§ WORK REQUIRED
Every line with "drive" in it must be copied from the data.

INPUT MATERIAL Block Start

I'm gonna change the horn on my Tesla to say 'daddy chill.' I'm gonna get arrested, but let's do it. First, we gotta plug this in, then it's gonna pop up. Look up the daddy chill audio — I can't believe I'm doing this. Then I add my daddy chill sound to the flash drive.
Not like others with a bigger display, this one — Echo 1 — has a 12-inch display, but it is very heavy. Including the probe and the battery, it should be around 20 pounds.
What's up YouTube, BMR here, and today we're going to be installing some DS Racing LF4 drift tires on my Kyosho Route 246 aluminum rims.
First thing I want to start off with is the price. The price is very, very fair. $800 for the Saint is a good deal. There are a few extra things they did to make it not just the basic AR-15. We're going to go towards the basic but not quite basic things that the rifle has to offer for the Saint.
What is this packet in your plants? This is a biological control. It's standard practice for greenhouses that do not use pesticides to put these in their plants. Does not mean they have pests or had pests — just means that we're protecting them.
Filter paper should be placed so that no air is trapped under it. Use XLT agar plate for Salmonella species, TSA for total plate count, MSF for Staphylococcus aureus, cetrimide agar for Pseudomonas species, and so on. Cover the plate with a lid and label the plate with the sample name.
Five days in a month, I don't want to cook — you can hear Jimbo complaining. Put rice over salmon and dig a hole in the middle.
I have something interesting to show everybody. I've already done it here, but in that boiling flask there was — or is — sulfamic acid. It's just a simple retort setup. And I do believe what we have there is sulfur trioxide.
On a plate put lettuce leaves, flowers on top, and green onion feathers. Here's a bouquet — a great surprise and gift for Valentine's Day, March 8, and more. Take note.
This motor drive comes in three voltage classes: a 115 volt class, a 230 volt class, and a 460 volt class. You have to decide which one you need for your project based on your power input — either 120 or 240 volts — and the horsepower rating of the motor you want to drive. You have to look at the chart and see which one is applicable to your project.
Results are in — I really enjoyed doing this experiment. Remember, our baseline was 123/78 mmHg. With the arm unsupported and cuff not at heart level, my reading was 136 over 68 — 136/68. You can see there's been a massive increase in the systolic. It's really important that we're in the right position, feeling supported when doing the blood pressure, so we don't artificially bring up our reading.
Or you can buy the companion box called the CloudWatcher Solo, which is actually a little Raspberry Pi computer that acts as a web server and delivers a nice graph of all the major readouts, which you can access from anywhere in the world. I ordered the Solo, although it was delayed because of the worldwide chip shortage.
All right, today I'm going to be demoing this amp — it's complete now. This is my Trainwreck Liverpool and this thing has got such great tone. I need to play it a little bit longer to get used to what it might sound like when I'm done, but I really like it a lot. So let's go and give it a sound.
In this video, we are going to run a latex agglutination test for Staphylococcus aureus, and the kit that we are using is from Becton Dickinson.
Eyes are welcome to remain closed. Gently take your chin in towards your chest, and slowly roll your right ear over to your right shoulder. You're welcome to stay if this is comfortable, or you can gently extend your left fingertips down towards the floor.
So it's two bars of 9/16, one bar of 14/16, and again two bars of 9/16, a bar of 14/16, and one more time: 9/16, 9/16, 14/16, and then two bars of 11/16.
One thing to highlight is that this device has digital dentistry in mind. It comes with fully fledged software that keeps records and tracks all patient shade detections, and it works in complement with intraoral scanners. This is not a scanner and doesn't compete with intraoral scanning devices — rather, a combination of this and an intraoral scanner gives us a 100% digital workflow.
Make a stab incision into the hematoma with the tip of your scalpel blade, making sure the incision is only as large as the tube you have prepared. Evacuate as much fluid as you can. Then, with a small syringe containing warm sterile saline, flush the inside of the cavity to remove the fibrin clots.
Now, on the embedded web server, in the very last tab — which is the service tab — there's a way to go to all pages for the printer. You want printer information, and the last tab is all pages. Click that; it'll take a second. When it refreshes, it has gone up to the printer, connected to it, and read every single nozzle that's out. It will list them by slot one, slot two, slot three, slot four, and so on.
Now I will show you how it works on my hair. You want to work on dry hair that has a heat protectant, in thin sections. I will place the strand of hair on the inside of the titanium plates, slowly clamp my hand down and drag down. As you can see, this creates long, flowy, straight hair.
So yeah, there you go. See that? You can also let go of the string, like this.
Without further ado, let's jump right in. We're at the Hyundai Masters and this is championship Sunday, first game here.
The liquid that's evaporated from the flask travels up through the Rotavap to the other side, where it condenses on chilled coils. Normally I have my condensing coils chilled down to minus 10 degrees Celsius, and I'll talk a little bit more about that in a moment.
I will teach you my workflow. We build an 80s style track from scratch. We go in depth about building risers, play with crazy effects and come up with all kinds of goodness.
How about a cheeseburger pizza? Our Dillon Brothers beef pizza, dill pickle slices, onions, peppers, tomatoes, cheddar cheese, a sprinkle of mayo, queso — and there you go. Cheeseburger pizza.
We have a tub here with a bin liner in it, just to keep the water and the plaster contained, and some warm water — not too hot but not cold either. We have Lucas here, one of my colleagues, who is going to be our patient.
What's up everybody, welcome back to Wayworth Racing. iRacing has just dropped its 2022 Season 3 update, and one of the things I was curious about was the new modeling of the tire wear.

INPUT MATERIAL Block End

§ TASK RESULT
I'm gonna change the horn on my Tesla to say 'daddy chill.' I'm gonna get arrested, but let's do it. First, we gotta plug this in, then it's gonna pop up. Look up the daddy chill audio — I can't believe I'm doing this. Then I add my daddy chill sound to the flash drive.
This motor drive comes in three voltage classes: a 115 volt class, a 230 volt class, and a 460 volt class. You have to decide which one you need for your project based on your power input — either 120 or 240 volts — and the horsepower rating of the motor you want to drive. You have to look at the chart and see which one is applicable to your project.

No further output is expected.